::: Entries supplied

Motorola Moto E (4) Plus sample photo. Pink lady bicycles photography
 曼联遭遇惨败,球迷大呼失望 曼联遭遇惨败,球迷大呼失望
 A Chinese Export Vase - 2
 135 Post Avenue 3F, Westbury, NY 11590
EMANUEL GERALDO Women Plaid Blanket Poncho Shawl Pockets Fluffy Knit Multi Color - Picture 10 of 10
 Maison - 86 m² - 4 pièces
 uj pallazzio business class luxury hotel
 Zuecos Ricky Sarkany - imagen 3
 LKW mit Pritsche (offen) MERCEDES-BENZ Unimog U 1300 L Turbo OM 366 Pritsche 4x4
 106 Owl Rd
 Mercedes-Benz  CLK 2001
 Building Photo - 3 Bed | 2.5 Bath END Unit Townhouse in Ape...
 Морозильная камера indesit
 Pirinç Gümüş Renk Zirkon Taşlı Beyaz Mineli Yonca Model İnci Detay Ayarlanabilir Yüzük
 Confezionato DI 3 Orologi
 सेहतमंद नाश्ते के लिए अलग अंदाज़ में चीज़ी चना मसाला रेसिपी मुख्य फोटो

::::::

**Task description**
Exactly the lines from the one containing "Building Photo - 3" through the last line of the records are to be transcribed, both endpoints included.

**Exercise result**
 Building Photo - 3 Bed | 2.5 Bath END Unit Townhouse in Ape...
 Морозильная камера indesit
 Pirinç Gümüş Renk Zirkon Taşlı Beyaz Mineli Yonca Model İnci Detay Ayarlanabilir Yüzük
 Confezionato DI 3 Orologi
 सेहतमंद नाश्ते के लिए अलग अंदाज़ में चीज़ी चना मसाला रेसिपी मुख्य फोटो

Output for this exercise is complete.